Installation view at The Arts Club of Chicago, Chicago, IL, 2022

When he is in the midst of planning a new exhibition, Brooklyn-based artist Kamrooz Aram aims to respond to the space in which his art will be displayed. That is especially true with his latest show, “Privacy, An Exhibition,” now on view at the Arts Club of Chicago.

“The architecture is always something that informs the work—art informing architecture, architecture working with art,” he said on Wednesday night during a talk with Janine Mileaf, the Arts Club’s executive director and chief curator. “Something that I prefer not to do is to alter the of architecture physically in a major way. I find it quite wasteful, especially with shorter exhibitions, that you build three or four walls, and then four weeks later you tear them down.”
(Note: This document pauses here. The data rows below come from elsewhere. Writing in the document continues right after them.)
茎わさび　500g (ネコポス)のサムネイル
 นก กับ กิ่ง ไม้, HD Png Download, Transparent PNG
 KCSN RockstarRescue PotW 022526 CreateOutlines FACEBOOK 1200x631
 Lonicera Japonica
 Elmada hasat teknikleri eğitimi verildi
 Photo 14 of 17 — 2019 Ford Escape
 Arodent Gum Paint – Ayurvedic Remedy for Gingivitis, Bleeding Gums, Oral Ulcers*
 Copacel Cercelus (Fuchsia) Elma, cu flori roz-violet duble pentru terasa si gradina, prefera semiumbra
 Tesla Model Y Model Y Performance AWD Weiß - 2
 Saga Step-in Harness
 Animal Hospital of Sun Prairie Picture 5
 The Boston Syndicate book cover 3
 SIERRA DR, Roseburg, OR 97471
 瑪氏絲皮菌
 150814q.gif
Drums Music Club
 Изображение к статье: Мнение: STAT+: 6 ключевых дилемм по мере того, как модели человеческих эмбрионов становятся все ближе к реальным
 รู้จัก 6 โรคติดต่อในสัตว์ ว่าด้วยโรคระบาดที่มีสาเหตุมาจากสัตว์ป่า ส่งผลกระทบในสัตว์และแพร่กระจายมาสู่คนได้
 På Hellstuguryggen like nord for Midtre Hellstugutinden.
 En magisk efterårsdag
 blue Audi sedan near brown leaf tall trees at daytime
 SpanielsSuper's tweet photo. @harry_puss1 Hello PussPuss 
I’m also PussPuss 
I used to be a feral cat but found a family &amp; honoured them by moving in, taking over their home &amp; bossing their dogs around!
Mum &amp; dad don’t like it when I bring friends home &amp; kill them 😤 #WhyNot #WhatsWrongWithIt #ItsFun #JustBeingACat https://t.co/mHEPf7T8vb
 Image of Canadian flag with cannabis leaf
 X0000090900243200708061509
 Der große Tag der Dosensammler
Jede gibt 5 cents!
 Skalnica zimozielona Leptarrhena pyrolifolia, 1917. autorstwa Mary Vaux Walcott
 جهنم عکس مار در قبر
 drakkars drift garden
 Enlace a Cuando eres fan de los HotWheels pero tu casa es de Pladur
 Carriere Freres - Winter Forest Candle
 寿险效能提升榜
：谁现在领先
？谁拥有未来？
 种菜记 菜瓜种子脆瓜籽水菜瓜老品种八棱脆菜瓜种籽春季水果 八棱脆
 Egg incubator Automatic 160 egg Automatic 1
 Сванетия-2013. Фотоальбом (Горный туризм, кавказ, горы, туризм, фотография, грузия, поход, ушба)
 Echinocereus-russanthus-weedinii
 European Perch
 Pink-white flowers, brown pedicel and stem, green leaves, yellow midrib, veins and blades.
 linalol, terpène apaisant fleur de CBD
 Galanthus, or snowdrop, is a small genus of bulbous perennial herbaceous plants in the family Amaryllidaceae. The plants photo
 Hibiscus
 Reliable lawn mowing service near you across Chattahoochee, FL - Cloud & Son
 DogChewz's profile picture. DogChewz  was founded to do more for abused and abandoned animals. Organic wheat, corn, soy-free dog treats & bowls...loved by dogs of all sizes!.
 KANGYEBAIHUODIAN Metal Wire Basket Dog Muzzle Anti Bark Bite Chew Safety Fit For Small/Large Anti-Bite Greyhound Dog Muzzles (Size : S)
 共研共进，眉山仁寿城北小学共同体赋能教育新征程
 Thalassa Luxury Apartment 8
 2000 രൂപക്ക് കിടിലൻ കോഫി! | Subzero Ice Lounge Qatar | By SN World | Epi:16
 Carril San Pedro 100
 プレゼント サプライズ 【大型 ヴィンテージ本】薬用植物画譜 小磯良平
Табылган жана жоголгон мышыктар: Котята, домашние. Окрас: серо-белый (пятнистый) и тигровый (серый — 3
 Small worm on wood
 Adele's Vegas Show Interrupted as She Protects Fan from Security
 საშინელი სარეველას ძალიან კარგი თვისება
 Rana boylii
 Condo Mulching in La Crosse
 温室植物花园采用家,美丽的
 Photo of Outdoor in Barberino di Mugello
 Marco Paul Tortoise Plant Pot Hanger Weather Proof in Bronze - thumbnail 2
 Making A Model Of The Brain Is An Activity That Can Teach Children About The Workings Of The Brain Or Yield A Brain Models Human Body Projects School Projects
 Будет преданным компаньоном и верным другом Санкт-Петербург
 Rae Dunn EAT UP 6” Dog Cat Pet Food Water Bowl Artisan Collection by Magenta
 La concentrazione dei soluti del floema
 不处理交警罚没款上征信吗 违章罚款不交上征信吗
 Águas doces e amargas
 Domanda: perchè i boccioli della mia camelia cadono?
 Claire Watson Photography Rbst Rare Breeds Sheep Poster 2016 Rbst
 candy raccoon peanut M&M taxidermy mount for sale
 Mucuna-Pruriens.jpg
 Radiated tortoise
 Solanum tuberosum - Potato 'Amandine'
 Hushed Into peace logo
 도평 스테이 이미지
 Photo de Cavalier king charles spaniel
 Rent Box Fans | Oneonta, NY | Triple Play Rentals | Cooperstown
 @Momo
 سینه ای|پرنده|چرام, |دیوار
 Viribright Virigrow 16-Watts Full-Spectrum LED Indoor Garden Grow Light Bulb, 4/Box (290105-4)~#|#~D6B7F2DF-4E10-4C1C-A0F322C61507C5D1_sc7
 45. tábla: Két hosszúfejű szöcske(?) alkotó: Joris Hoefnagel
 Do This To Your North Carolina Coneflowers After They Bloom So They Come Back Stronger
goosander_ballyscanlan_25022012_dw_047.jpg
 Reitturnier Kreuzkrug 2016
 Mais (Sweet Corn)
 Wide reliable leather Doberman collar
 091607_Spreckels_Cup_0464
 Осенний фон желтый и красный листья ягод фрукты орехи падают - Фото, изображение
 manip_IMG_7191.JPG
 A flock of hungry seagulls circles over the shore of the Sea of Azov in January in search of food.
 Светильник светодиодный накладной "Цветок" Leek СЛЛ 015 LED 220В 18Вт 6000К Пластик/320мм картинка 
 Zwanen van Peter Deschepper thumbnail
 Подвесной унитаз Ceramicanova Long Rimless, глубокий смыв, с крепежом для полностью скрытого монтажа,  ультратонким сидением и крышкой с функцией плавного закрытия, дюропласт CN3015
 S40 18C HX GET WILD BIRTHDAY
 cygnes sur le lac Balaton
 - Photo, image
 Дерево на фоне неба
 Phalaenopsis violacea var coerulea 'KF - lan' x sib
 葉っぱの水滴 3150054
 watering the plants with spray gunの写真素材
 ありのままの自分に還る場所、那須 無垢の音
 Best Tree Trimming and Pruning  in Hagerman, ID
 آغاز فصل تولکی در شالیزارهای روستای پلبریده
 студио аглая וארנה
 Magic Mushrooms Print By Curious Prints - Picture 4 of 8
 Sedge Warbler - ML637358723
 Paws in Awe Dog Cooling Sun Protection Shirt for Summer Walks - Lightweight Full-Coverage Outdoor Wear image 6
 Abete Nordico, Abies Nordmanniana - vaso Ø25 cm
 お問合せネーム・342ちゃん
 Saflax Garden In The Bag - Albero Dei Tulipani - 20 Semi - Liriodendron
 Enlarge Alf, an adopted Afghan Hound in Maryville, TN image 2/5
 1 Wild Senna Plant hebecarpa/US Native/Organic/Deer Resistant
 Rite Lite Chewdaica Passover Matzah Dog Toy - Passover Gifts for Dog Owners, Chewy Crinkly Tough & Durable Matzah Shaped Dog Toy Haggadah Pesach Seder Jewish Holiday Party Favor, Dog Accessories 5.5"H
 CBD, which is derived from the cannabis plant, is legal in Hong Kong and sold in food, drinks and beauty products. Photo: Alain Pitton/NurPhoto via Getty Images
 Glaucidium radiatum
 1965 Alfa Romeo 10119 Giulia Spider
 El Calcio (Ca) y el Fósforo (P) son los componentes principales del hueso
His first concern was the tension inherent in the location of the show: a private members club (with a storied history of presenting modernist art since 1916) that has a public exhibition space. “There’s another kind of spatial conversation that takes place here,” he said.

Next, Aram mulled how the effect of his paintings could be heightened by the Arts Club’s reflective floors, made of black terrazzo, as well as by the Arts Club’s two permanent installations: a Mies van der Rohe staircase and Alexander Calder’s 1942 sculpture Red Petals, both commissioned by the organization and transplanted to the current space in 1997. (The title of one of Aram’s new paintings, Iskandari, is a reference to the Persian and Arab variant of Alexander, derived from Alexander the Great. For Aram, Iskandari is “a tribute to the other Alexander the Great: Alexander Calder.”)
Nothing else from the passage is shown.